**SUPPLIED INFORMATION**
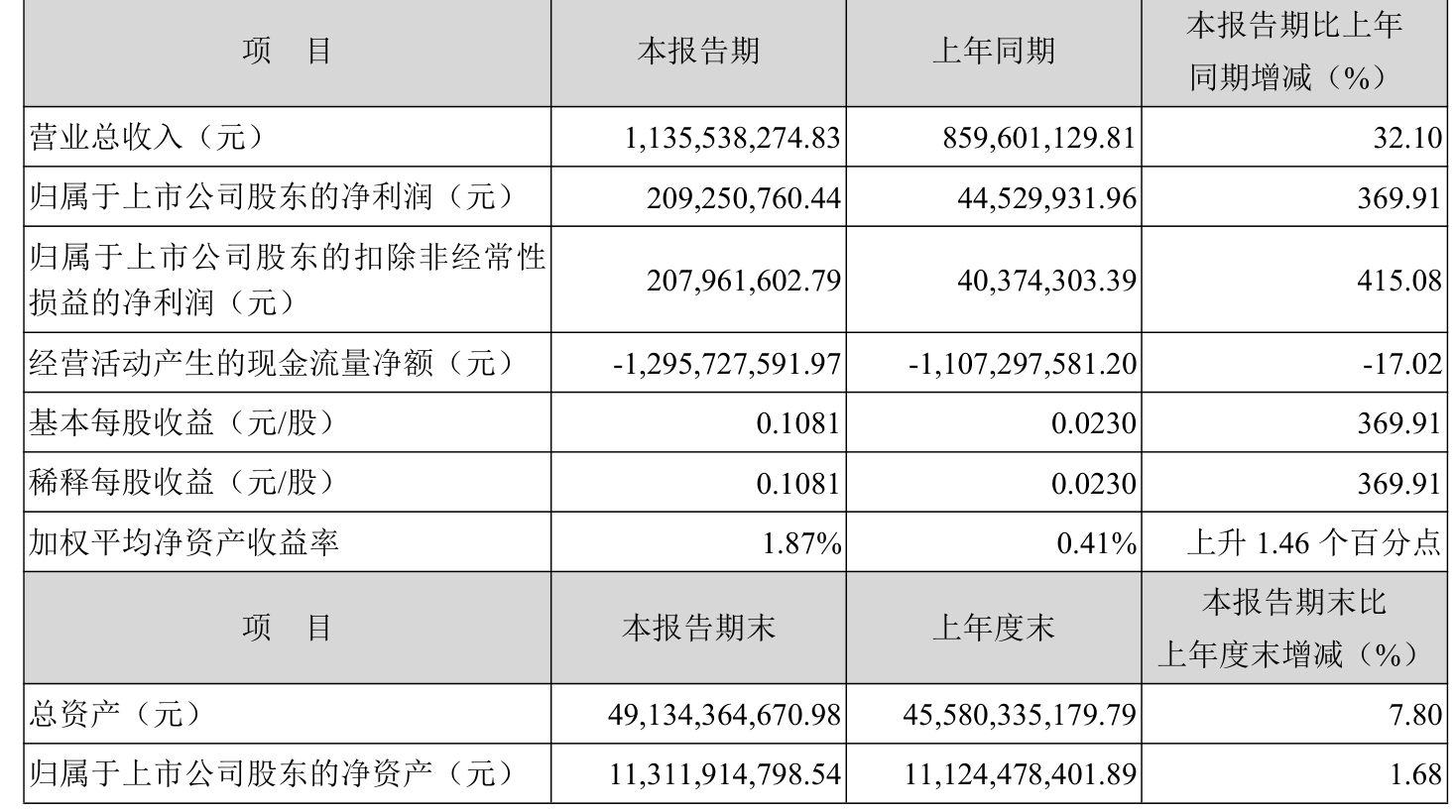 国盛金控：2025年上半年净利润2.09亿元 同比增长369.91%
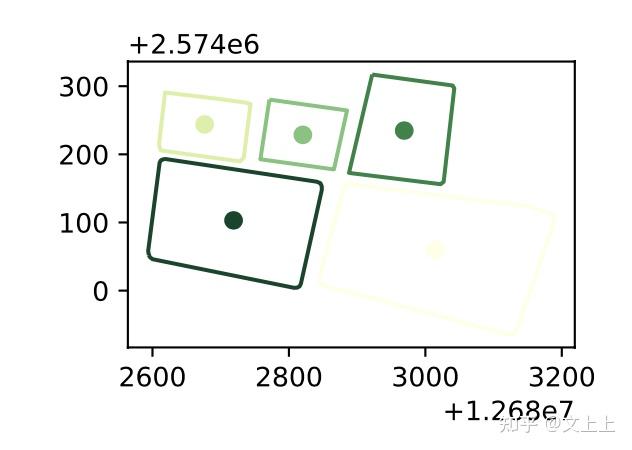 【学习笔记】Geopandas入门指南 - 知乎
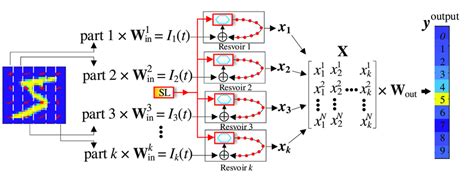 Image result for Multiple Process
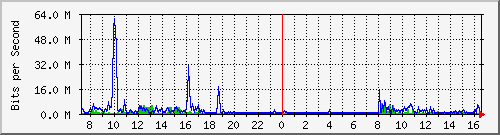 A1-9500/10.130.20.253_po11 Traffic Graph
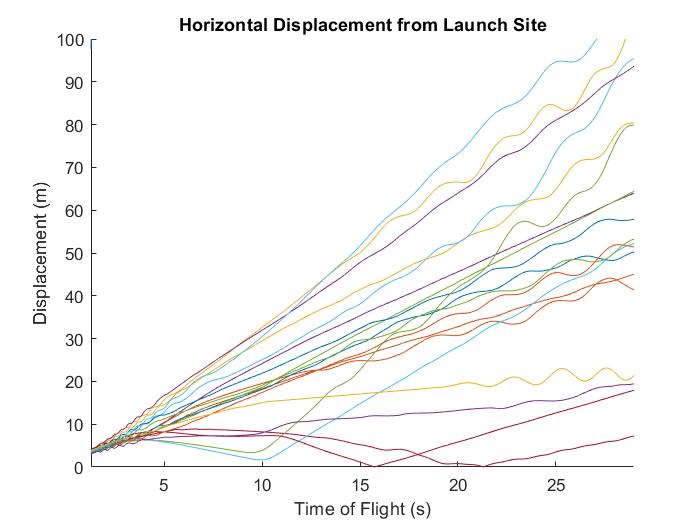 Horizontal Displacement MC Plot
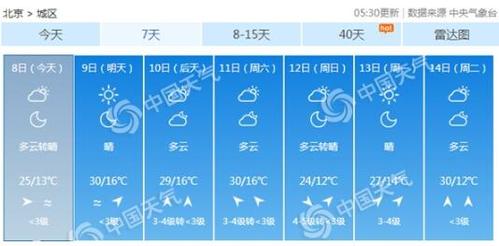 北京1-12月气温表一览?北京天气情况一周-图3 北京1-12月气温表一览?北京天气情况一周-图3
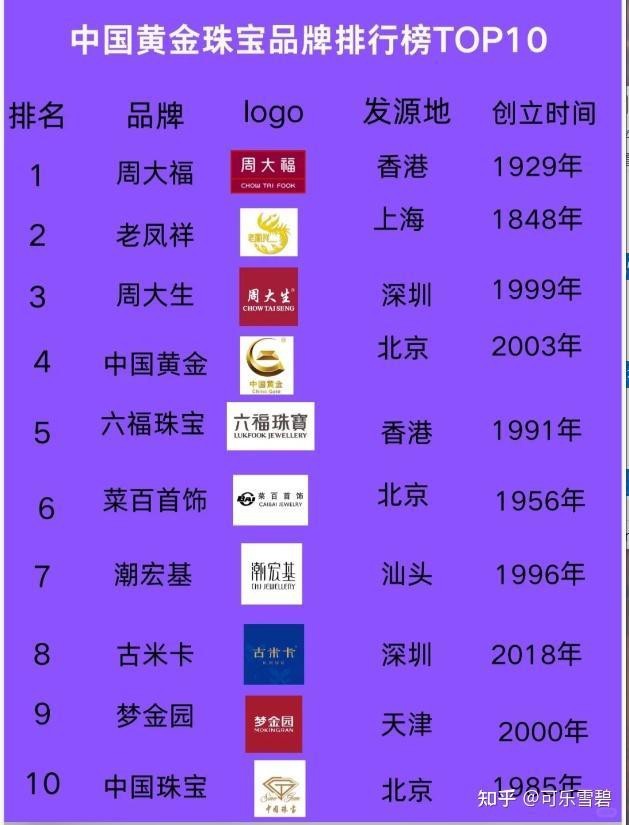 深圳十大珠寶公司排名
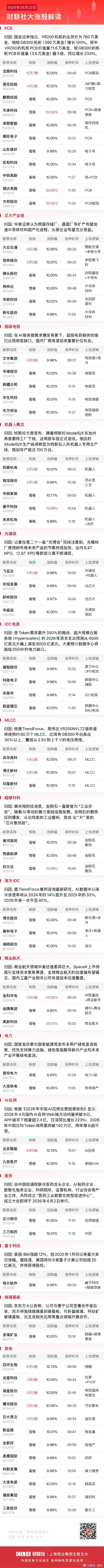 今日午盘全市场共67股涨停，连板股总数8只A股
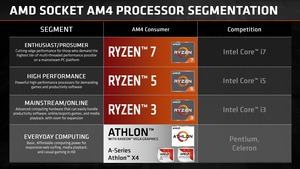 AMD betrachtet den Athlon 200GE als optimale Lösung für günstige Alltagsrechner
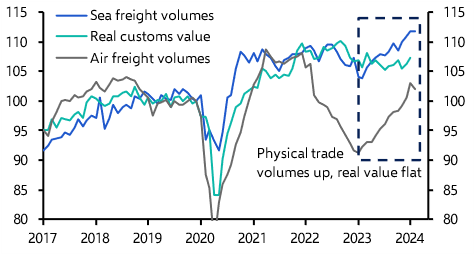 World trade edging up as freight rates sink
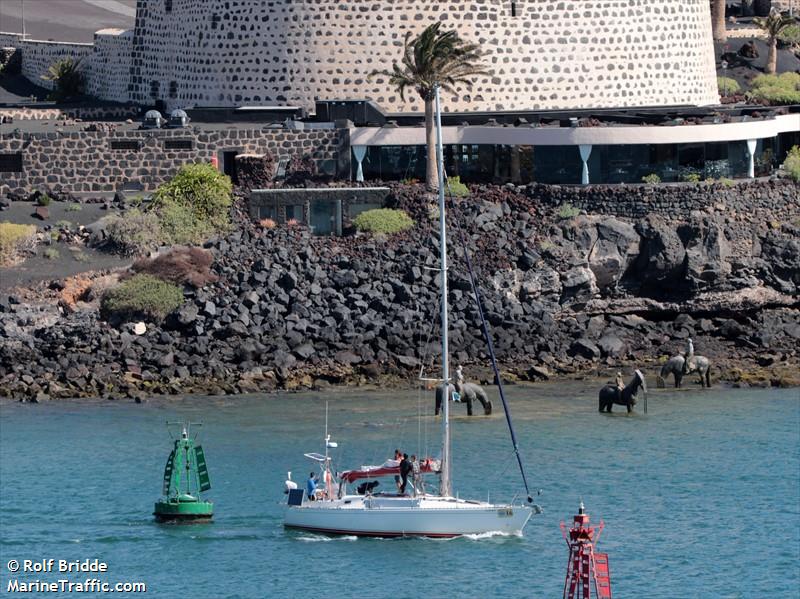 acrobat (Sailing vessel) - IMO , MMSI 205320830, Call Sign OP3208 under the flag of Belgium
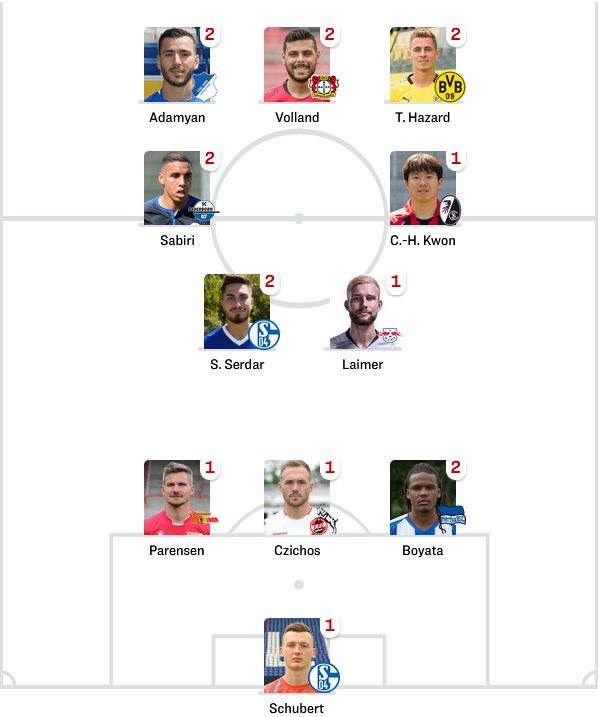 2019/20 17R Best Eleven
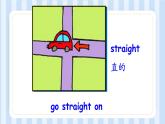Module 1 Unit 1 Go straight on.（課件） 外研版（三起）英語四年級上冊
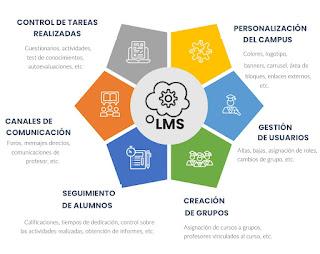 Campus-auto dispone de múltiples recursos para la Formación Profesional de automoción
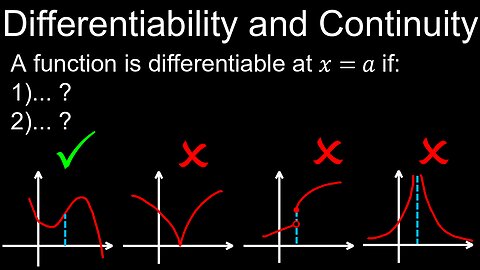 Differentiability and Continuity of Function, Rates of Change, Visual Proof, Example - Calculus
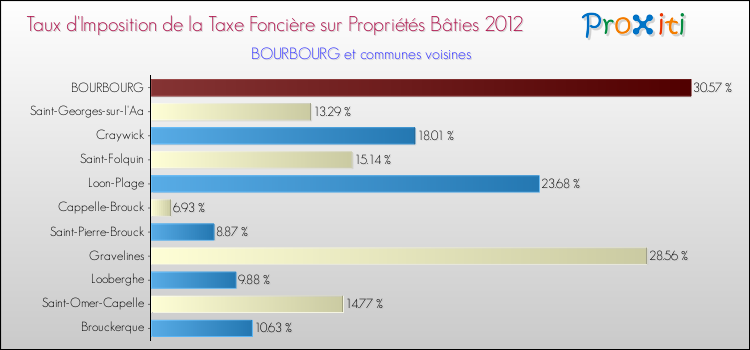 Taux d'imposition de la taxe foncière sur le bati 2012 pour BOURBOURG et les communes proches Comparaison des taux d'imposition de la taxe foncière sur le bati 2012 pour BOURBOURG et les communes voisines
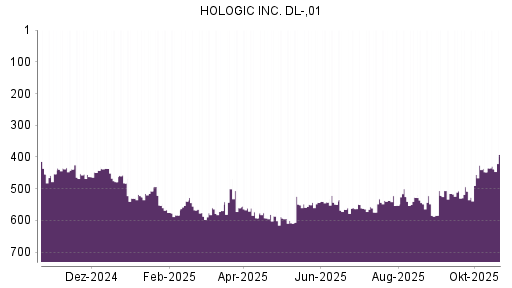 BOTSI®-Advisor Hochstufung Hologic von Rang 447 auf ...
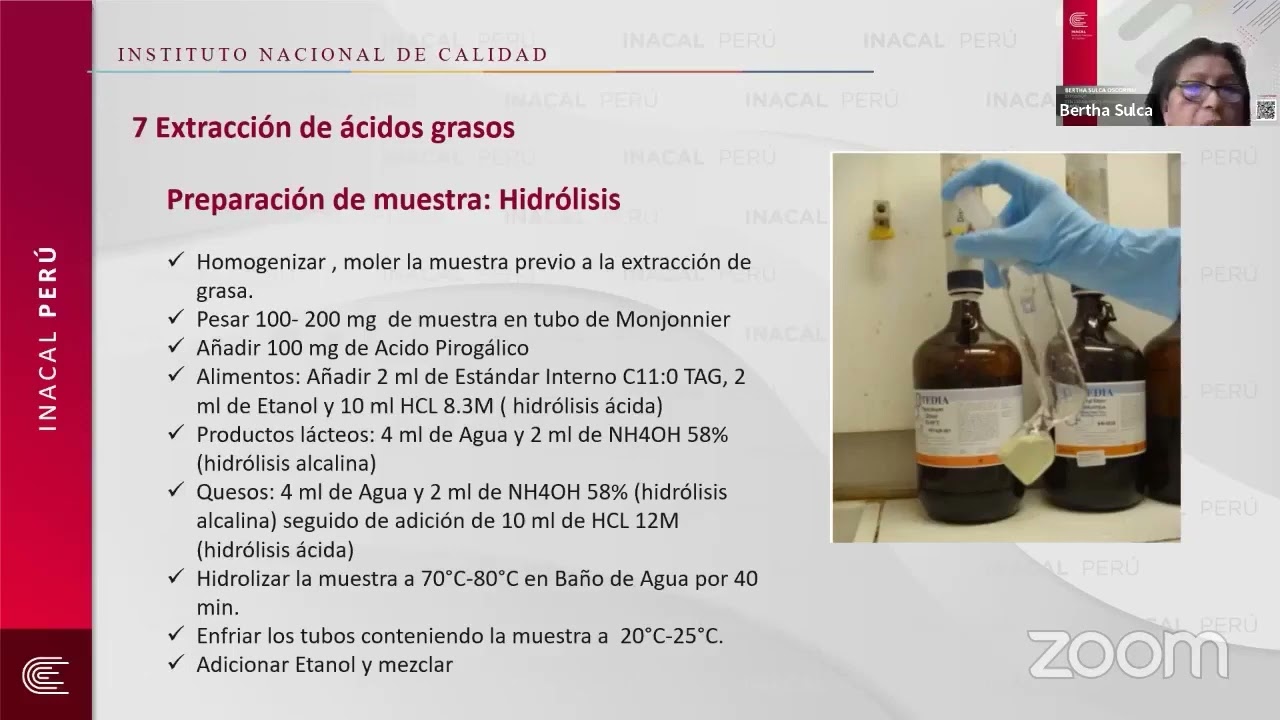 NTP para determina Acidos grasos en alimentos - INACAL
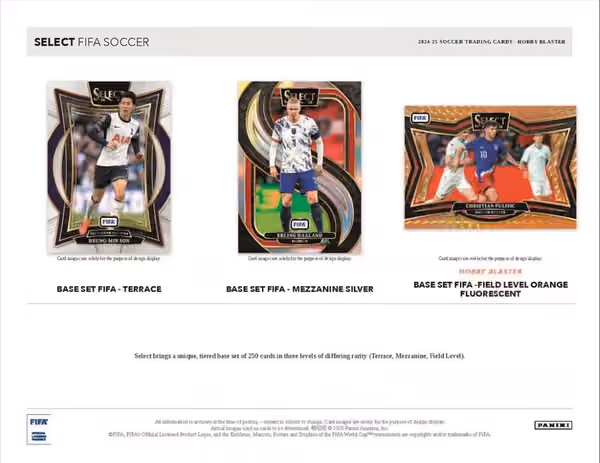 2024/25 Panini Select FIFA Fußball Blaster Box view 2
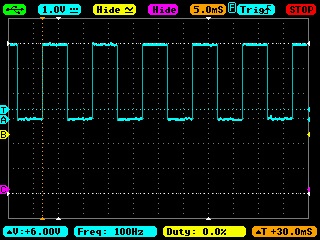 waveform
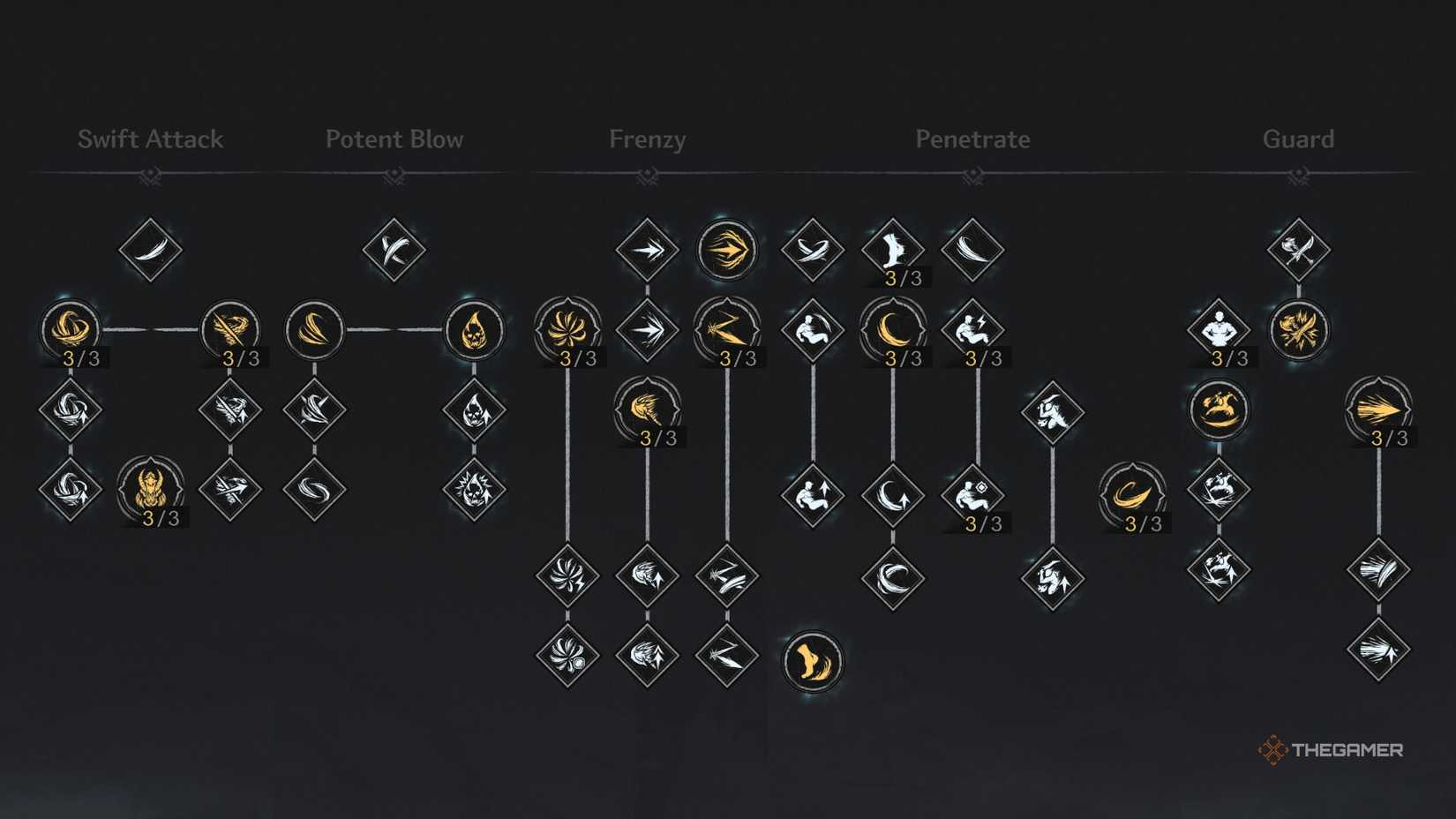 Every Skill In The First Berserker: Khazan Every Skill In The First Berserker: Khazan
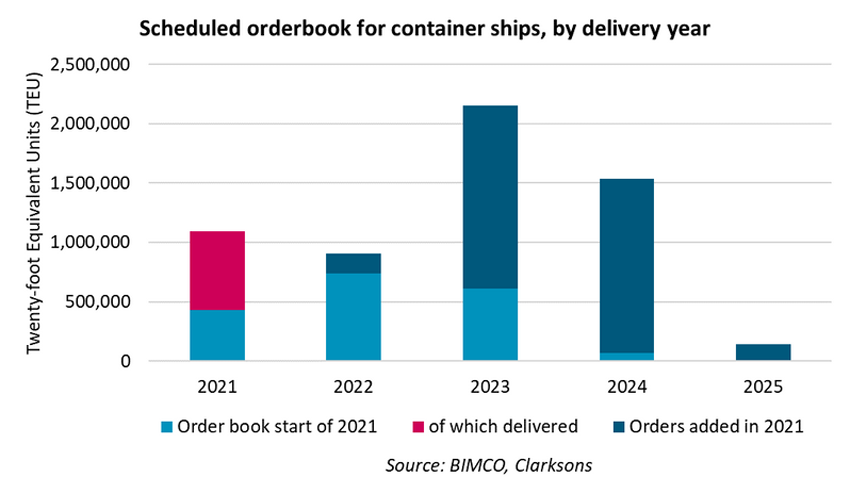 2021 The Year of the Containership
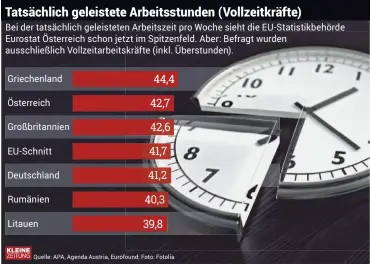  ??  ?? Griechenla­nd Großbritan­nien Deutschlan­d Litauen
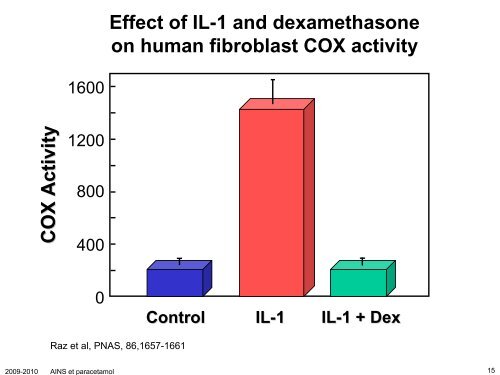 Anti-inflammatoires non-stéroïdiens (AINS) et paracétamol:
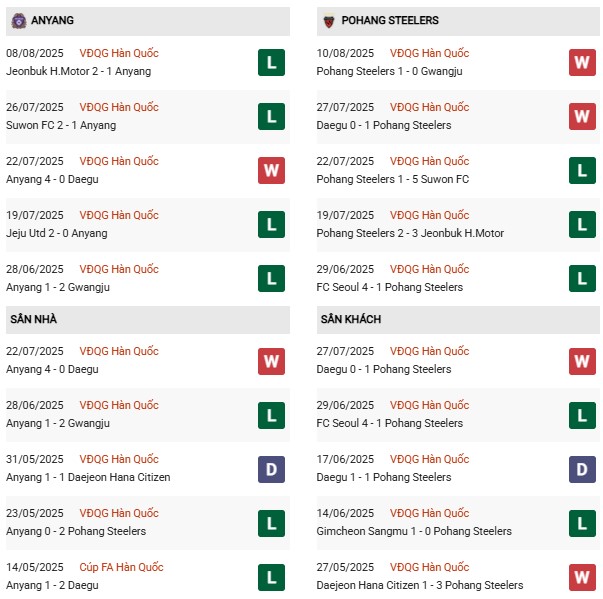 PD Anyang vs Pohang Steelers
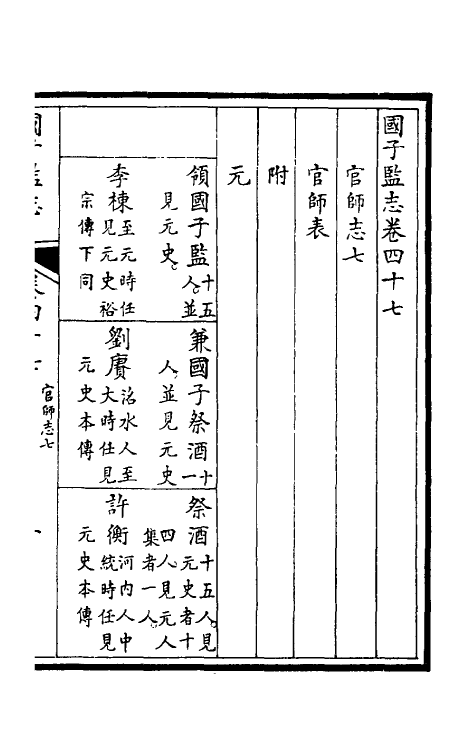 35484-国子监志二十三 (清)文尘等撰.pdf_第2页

**YOUR ASSIGNMENT**
Nothing but the pictures may be dropped; output the records above exactly.

**RESULT**
 国盛金控：2025年上半年净利润2.09亿元 同比增长369.91%
 【学习笔记】Geopandas入门指南 - 知乎
 Image result for Multiple Process
 A1-9500/10.130.20.253_po11 Traffic Graph
 Horizontal Displacement MC Plot
 北京1-12月气温表一览?北京天气情况一周-图3 北京1-12月气温表一览?北京天气情况一周-图3
 深圳十大珠寶公司排名
 今日午盘全市场共67股涨停，连板股总数8只A股
 AMD betrachtet den Athlon 200GE als optimale Lösung für günstige Alltagsrechner
 World trade edging up as freight rates sink
 acrobat (Sailing vessel) - IMO , MMSI 205320830, Call Sign OP3208 under the flag of Belgium
 2019/20 17R Best Eleven
Module 1 Unit 1 Go straight on.（課件） 外研版（三起）英語四年級上冊
 Campus-auto dispone de múltiples recursos para la Formación Profesional de automoción
 Differentiability and Continuity of Function, Rates of Change, Visual Proof, Example - Calculus
 Taux d'imposition de la taxe foncière sur le bati 2012 pour BOURBOURG et les communes proches Comparaison des taux d'imposition de la taxe foncière sur le bati 2012 pour BOURBOURG et les communes voisines
 BOTSI®-Advisor Hochstufung Hologic von Rang 447 auf ...
 NTP para determina Acidos grasos en alimentos - INACAL
 2024/25 Panini Select FIFA Fußball Blaster Box view 2
 waveform
 Every Skill In The First Berserker: Khazan Every Skill In The First Berserker: Khazan
 2021 The Year of the Containership
  ??  ?? Griechenla­nd Großbritan­nien Deutschlan­d Litauen
 Anti-inflammatoires non-stéroïdiens (AINS) et paracétamol:
 PD Anyang vs Pohang Steelers
 35484-国子监志二十三 (清)文尘等撰.pdf_第2页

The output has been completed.